Yao Lifa on 2006 Qianjiang People’s Congress Deputy Election

作者:Yao Lifa 发表时间:2007-4-9 13:19:36

After losing in the 2003 re-election, former People’s Congress deputy Yao Lifa continued to run as an “independent candidate” in the city-level People’s Congress deputy election on November 8, 2006. Unfortunately, Yao lost again. Yao was interviewed by the World and China Institute and briefed us all about the election process. This essay was based on the conversation with Yao.

Editor’s note

Yao Lifa lost the election without the normal anger and frustration. He dealt with losing with a kind of calmness which partly came from his many years of experience running as a candidate. Apparently, the decade long experience Yao had in running the People’s Congress deputy elections made him no stranger to losing. Yao came to the conclusion that he was up against an invincible wall on his election road. To him, this wall was a combination of man-made masterpiece as well as the inherent result of the election environment.

Yao lost repeatedly in the election in the passed year, the reason that he lost the 2006 election was same as before due to the local government’s defense and siege warfare waged on the independent candidates’ campaign activities. Just like in 2003, the local government was in a “war” mentality and fought tooth and nail in the 2006 election to beat Yao. It was the same as in 2003 except this time the local government’s control on the entire election process was more discreet, more professional and better in division of labor. Moreover, the local government’s intervention was more blatant and lawless. The government’s control manifested throughout Yao’s entire campaign. We caught a glimpse of it from Yao’s description below.
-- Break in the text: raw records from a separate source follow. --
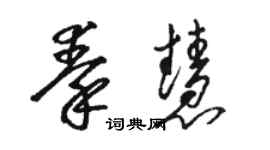 駱恆光秦慧草書個性簽名怎么寫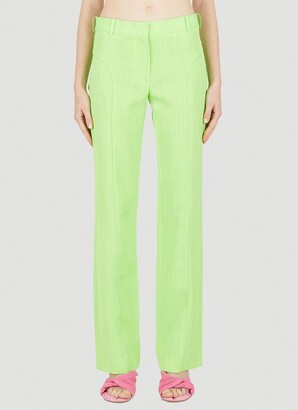 Women's Green Silk Pants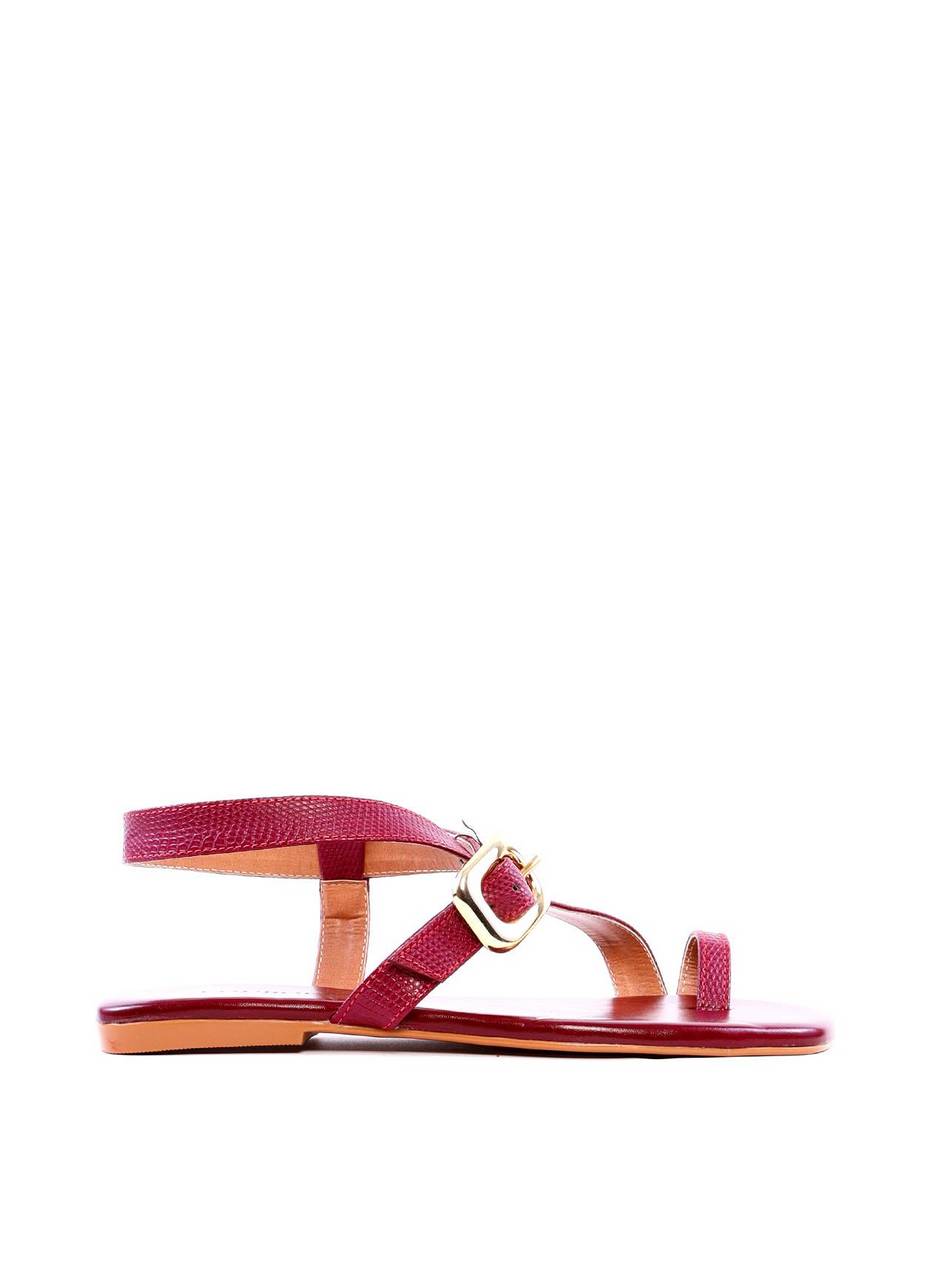 Rasteira Tira Lateral e Fivela - Vinho SDI-11967 - VI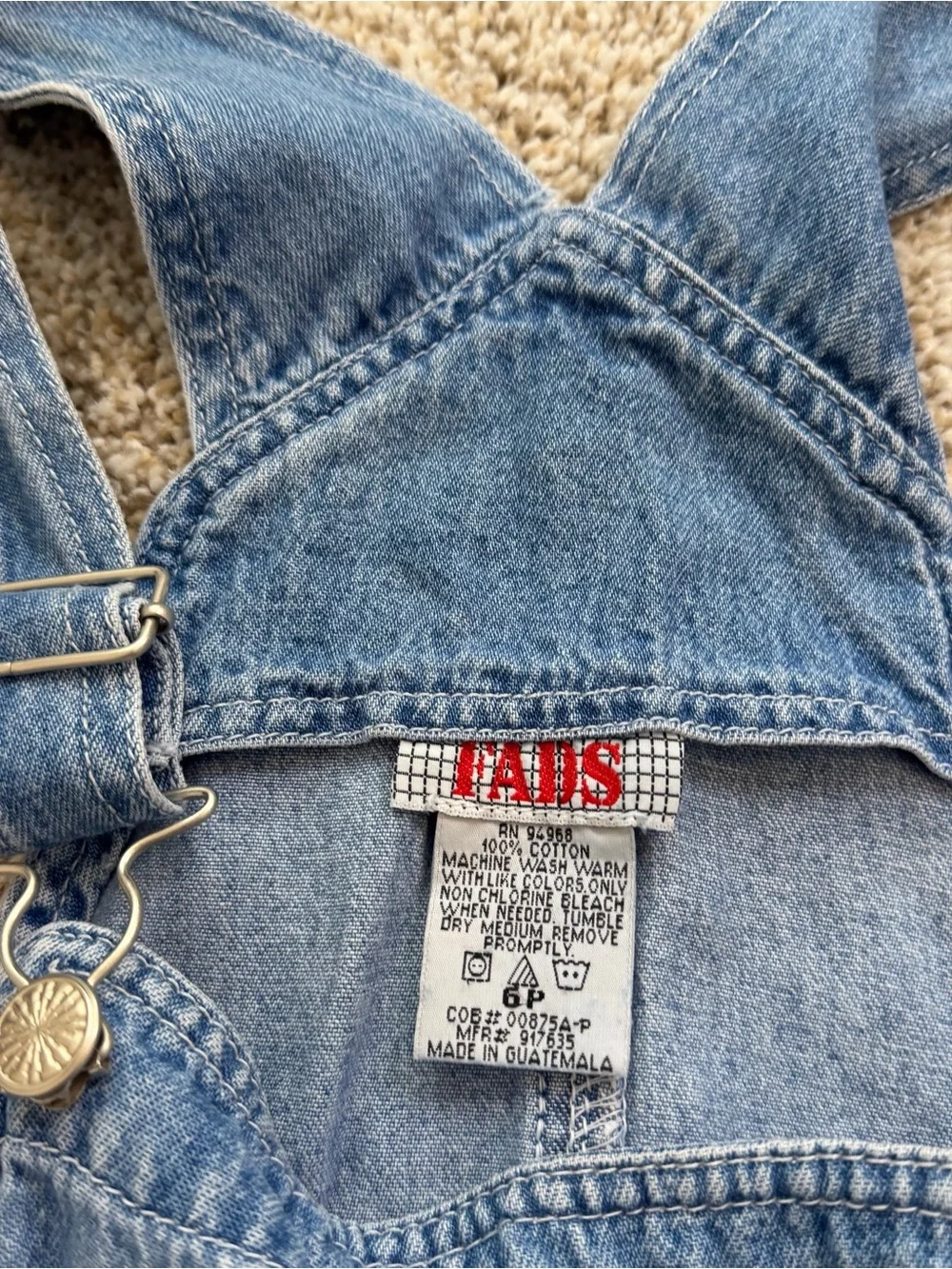 Vintage Fads Overall Dress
Constraint on Yao’s early preparation work

Yao Lifa started the preparation for his campaign in late September, 2006. In the early phase of his campaign, Yao printed a large quantity of campaign material and distributed it in his district and the adjacent districts in order to mobilize other members of the public to participate in the election to resonate with his effort. But these two ordinary campaign behavior drove the government into full alert and deployed the police and related government units.

On September 28, Yao contacted some teachers in Qianjiang city and held a meeting with them at a local restaurant. He wanted to mobilize them to run in the election as independent candidates. But in less than two hours into the meeting, the owner of the restaurant came to them with unexpected news – the restaurant was swarmed with police. Since Yao and the others did not do anything illegal, so the local government used a more discreet one-on-one tactic. The officials then showed up one at a time and asked a person at the meeting to go away with some kind of excuses. The local government’s coercive tactic quickly dissolved Yao’s meeting.

Regarding Yao’s campaigning work, the government directly employed the police and the news and publishing administration agency. The police used them mainly for dealing with the volunteers who helped Yao’s campaigning or those who were hired by him to distribute campaign material. Most of the people who distributed material were invited to the police station somewhere along the line. They were brought to the police station by reasons of “disturbing election order” or “unauthorized distribution of illegal printing matter”. But the local police were restrained on these occasions and would release the volunteers after seven or eight hours of “educating” or “dissuading” them. Even then, the police station experience stressed out the people. Apart from the campaign material, Yao also printed a booklet about election. The local news and publishing administration agency directly intervened and told Yao that the booklet was an illegal publication and banned its distribution. Also, the local police investigated on the publishing process. The government’s action turned Yao’s early campaign into an obstacle course.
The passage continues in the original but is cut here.